Answer by venugopalramana(3286) About Me  (Show Source):
You can put this solution on YOUR website!
I do not fully understand what domain is and I am having trouble with the following problem:
y= square root of(9-x^2) + square root of(1-x^2)
The answer on my key is domain=[1,3] but I do not understand why.
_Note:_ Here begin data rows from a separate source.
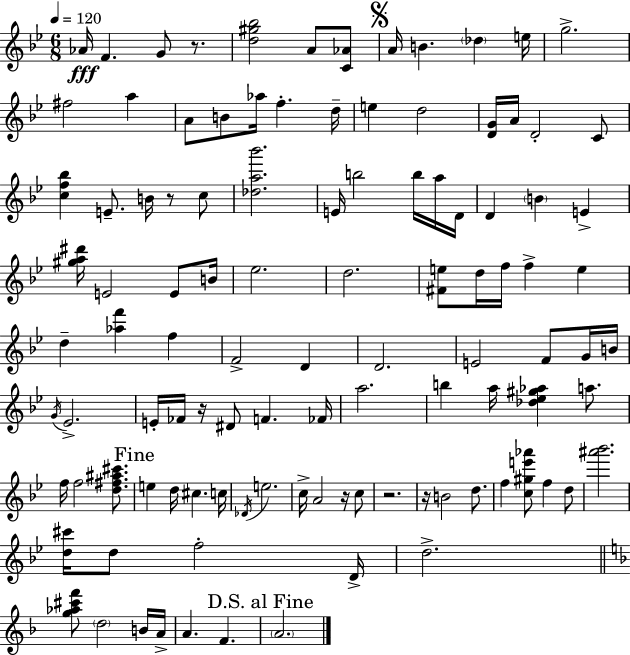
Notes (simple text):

Ab4/s F4/q. G4/e R/e. [D5,G#5,Bb5]/h A4/e [C4,Ab4]/e A4/s B4/q. Db5/q E5/s G5/h. F#5/h A5/q A4/e B4/e Ab5/s F5/q. D5/s E5/q D5/h [D4,G4]/s A4/s D4/h C4/e [C5,F5,Bb5]/q E4/e. B4/s R/e C5/e [Db5,A5,Bb6]/h. E4/s B5/h B5/s A5/s D4/s D4/q B4/q E4/q [G#5,A5,D#6]/s E4/h E4/e B4/s Eb5/h. D5/h. [F#4,E5]/e D5/s F5/s F5/q E5/q D5/q [Ab5,F6]/q F5/q F4/h D4/q D4/h. E4/h F4/e G4/s B4/s G4/s Eb4/h. E4/s FES4/s R/s D#4/e F4/q. FES4/s A5/h. B5/q A5/s [Db5,Eb5,G#5,Ab5]/q A5/e. F5/s F5/h [D5,F#5,A#5,C#6]/e. E5/q D5/s C#5/q. C5/s Db4/s E5/h. C5/s A4/h R/s C5/e R/h. R/s B4/h D5/e. F5/q [C5,G#5,E6,Ab6]/e F5/q D5/e [A#6,Bb6]/h. [D5,C#6]/s D5/e F5/h D4/s D5/h. [G5,Ab5,C#6,F6]/e D5/h B4/s A4/s A4/q. F4/q. A4/h.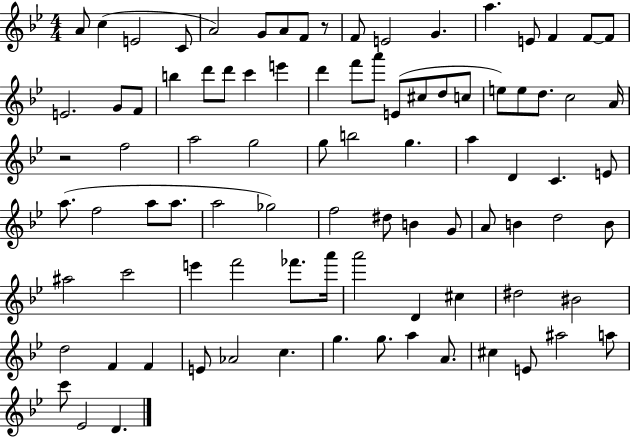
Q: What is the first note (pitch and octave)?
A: A4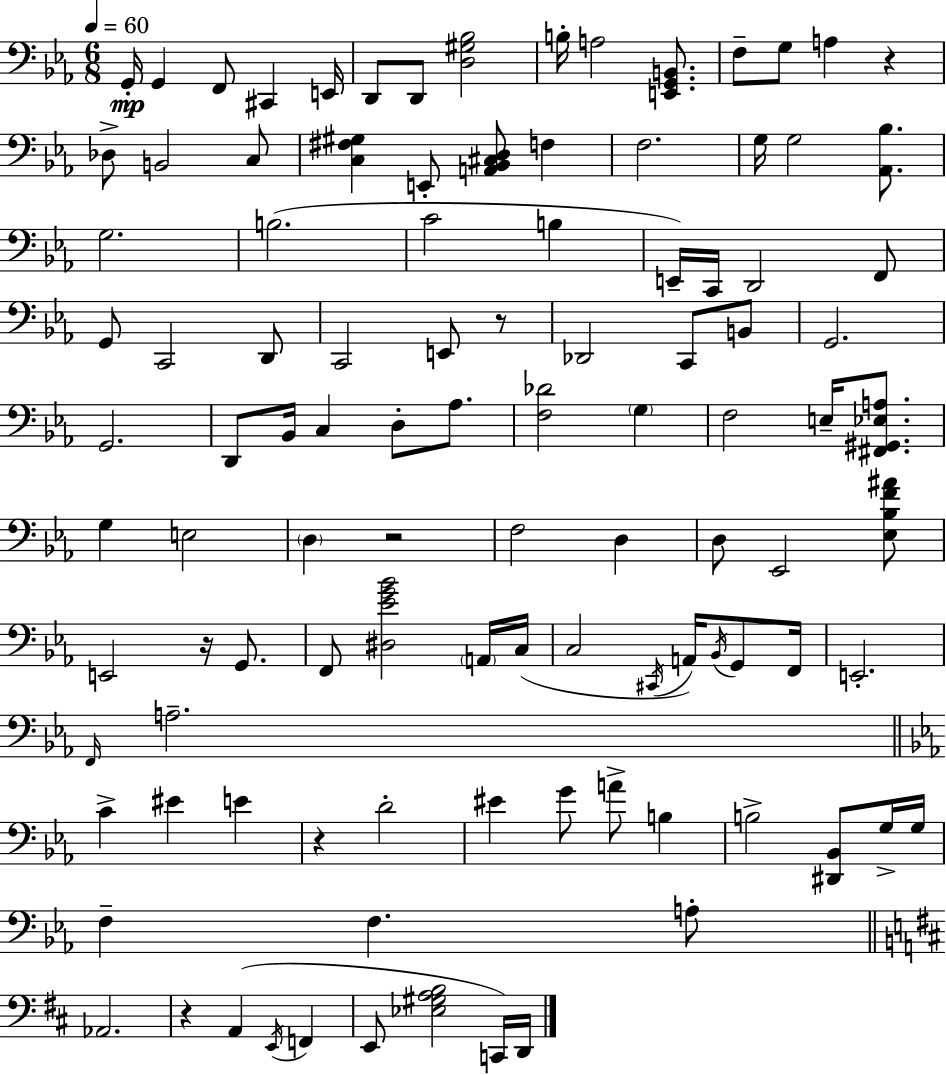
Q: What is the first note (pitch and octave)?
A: G2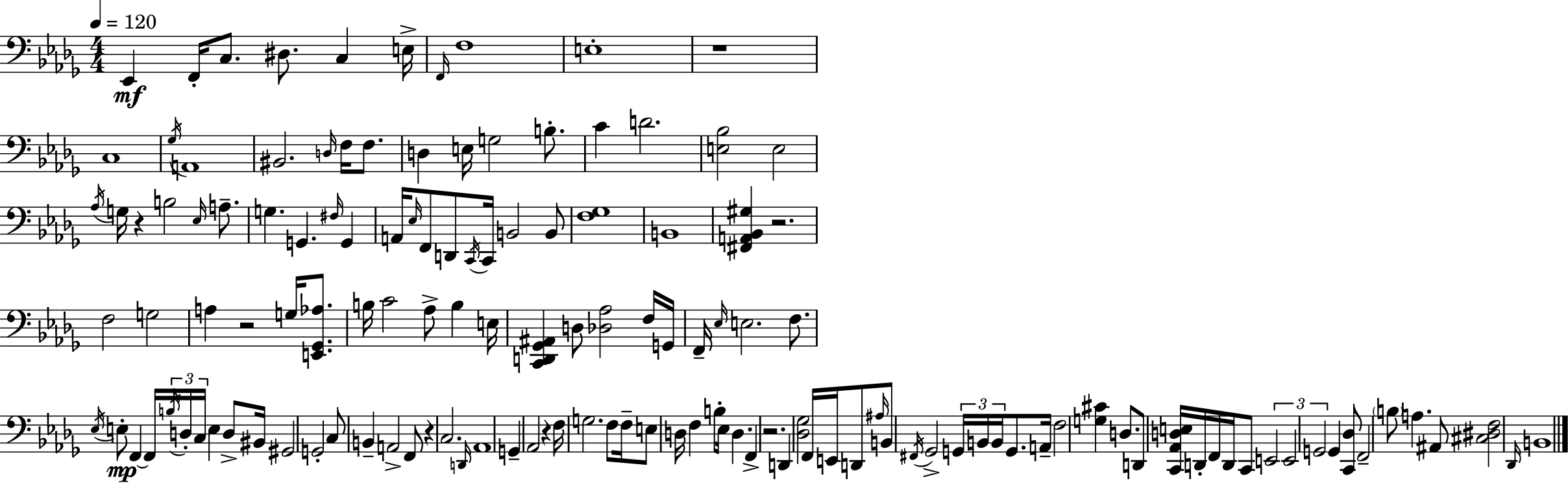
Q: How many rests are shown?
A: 7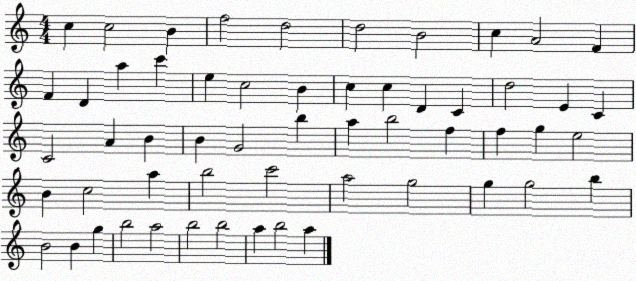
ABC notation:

X:1
T:Untitled
M:4/4
L:1/4
K:C
c c2 B f2 d2 d2 B2 c A2 F F D a c' e c2 B c c D C d2 E C C2 A B B G2 b a b2 f f g e2 B c2 a b2 c'2 a2 g2 g g2 b B2 B g b2 a2 b2 b2 a b2 a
Can you please explain?
HERE X IS CALLED INDEPENDENT VARIABLE AND Y DEPENDENT VARIABLE.
OUR UNIVERSE IS REAL NUMBERS FOR THIS PURPOSE.
NOW , THIS DOES NOT MEAN THAT X CAN TAKE ANY VALUE IN REAL NUMBERS.
IT CAN TAKE ONLY SUCH VALUES WHICH MAKE THE GIVEN FUNCTION F(X) OR Y IN SHORT MEANINGFUL.THAT IS A MATHEMATICALLY ALLOWED OPERATION.
CERTAIN OPERATIONS LIKE DIVISION BY ZERO , SQUARE ROOT OF A NEGATIVE NUMBER,LOG OF ZERO OR NEGATIVE NUMBER ARE NOT DEFINED.EITHER THEY ARE CALLED INFINITY(PLUS OR MINUS)OR IMAGINARY.
SO WE SAY X CAN NOT TAKE SUCH VALUES WHICH REQUIRES US TO PERFORM SUCH OPERATIONS.
X CAN TAKE VALUES OF ALL OTHER REAL NUMBERS.THE SET OF THESE REAL NUMBERS IS CALLED DOMAIN OF THE FUNCTION.
IF YOU HAVE
Y=1/(X-3)...DOMAIN IS ALL REAL VALUES EXCEPT 3 AS IT WILL LEAD TO DIVISION BY ZERO .
IN YOUR EXAMPLE THE FIRST TERM BECOMES MEANING LESS IF
9-X^2<0.HENCE
9-X^2>=0
9>=X^2
X^2<=9
|X|<=3......THAT IS X SHOULD BE BETWEEN -3 AND +3
WE SHOW IT AS X = [-3,3]......[..]..BRACKETS INDICATE X CAN EQUAL THE BORDER VALUES
THAT IS X=3 AND X=-3 ARE ALLOWED.
NOW THERE IS A SECOND TERM.SQRT.(1-X^2)
SIMILAR ARGUMENT LEADS US TO CONCLUDE X = [-1,1]
THE COMBINATION OF THE I AND II CONDITIONS MAKE US TO CONCLUDE THAT X = [-1,1]
YOUR ANSWER IS [1,3]WHICH IS NOT CORRECT.
ON THE OTHER HAND,IF SECOND TERM IS SQ.RT(X^2-1)....THEN |X| >=|
X<=-1......OR............X>=1...COMBINING THIS WITH I CONDITION , WE GET
X=[1,3] AND [-3,-1]